Although he ceded lead authorship of the forecasts to Klotzbach in 2006, Gray has remained the headliner in storm prognostication. He annually is among the most popular draws at the National Hurricane Conference.
In recent years, as he has increasingly made sharp public comments about global warming, Gray quickly became one of the most prominent skeptics because of his long background in atmospheric sciences.
His views on the climate — he says Earth is warming naturally and soon will begin cooling — have been applauded by some scientists, particularly meteorologists such as Frank. But they are out of step with mainstream climate science.
The most recent report by an international group of climate scientists, the Intergovernmental Panel of Climate Change, concluded that there was 90 percent certainty that human activity had caused recent warming of the planet.

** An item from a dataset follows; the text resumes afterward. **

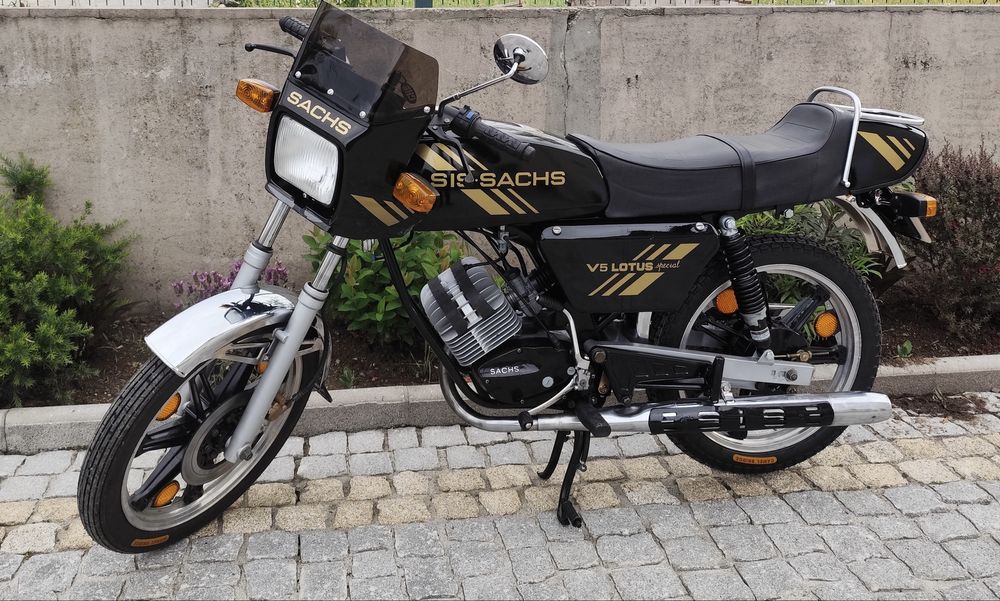 Vendo mota sis sachs lotus 50cc bom estado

Yet at U.S. universities, threats to the rights of scientists who hold minority viewpoints are generally frowned upon.
A prominent legal scholar, Stanley Fish of Florida International University, said university public relations offices should not pick and choose where resources go, based upon the content of a professor's work.
"If it can in any way be established that (Gray's) global warming views were the basis of this action, then it is an improper action," Fish said.
In his memo, Gray clearly indicates that he believes his academic freedom is imperiled:
"For the good of all of us in the Department, the College and at CSU, please believe me when I say this is not a direction any of you want to go," he wrote. "Our department and college are strong enough to be able to tolerate a dissenting voice on the global warming question."
Woods, Gray's dean, insisted that dissent on global warming is welcomed at CSU.
"He's not the only faculty member in the world who questions global warming," Woods said. "When Bill talks about some of the data, he can make some very good points."